What can I do to prepare for Revalidation?
Most doctors will already be collecting evidence of performance for medical appraisal and CPD. The College recommends you take the following steps in preparation for revalidation:
- Review your appraisal documentation from the last few years
- Check the evidence you have claimed are in your files (e.g. courses attended; CPD certificates)

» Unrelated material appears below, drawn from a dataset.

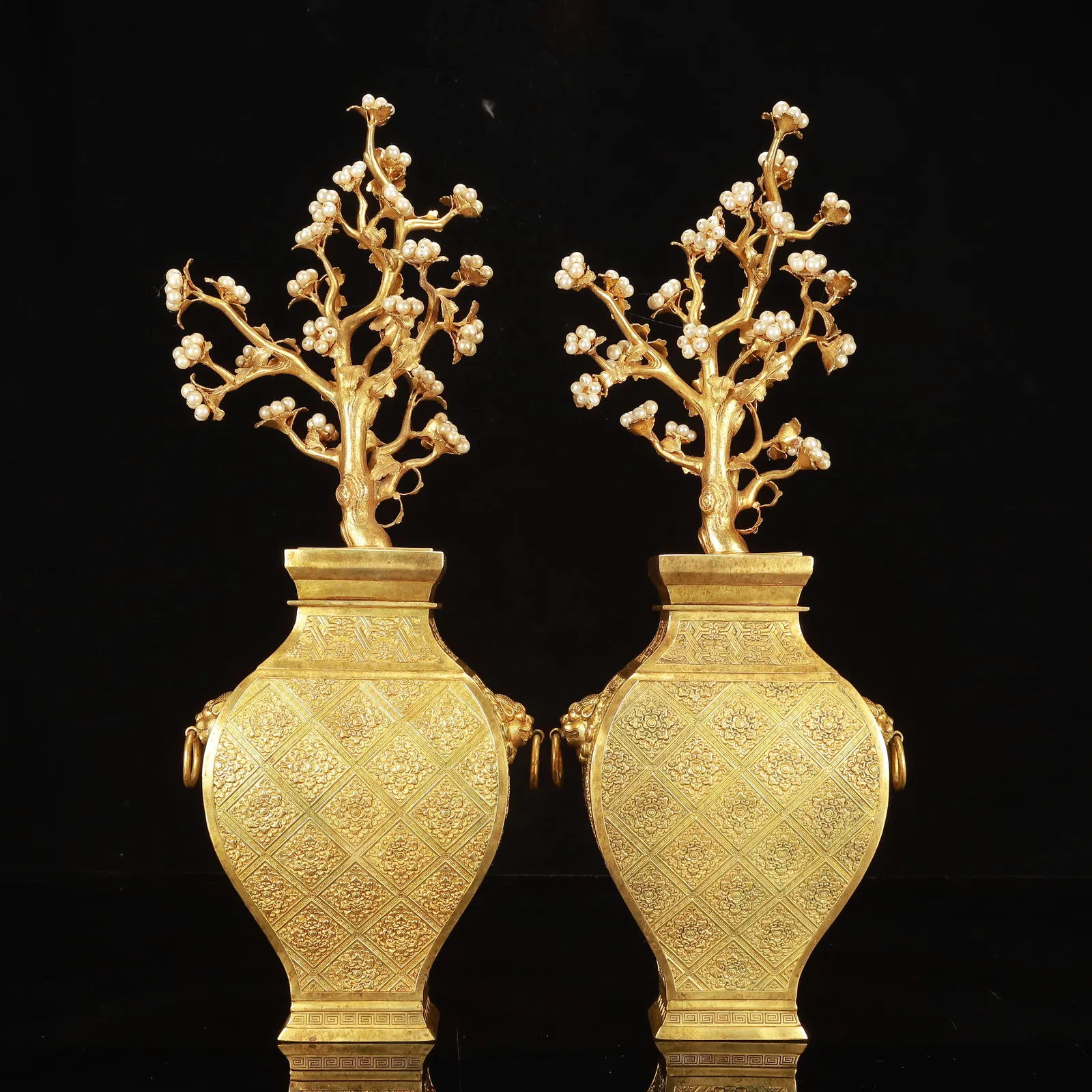 A Pair of Huge Gilt Bronze Flower Pattern Beast-Ears Vases, Inlaid Pearl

- Check what aspects of your PDP have been achieved and what has not. If there are uncompleted elements, identify reasons for this and record them
- Review any changes to you job plans or specialist practice and confirm that you have active CPD in those areas
- Collect or make a list of any accolades or letters of appreciation you have received
- Collect evidence of any other clinical activity you may have undertaken (e.g. clinical audits)
- Collect evidence of any non-clinical activity you may have undertaken (e.g. multi-source feedback; patient surveys; teaching; research; work for the greater NHS)
- Make sure that all of the documentation is in place for any complaints or incidents that you may have had
- Ensure that the ‘local responsible officer’ (when appointed) within your trust has copies of your appraisals and a record that they have taken place.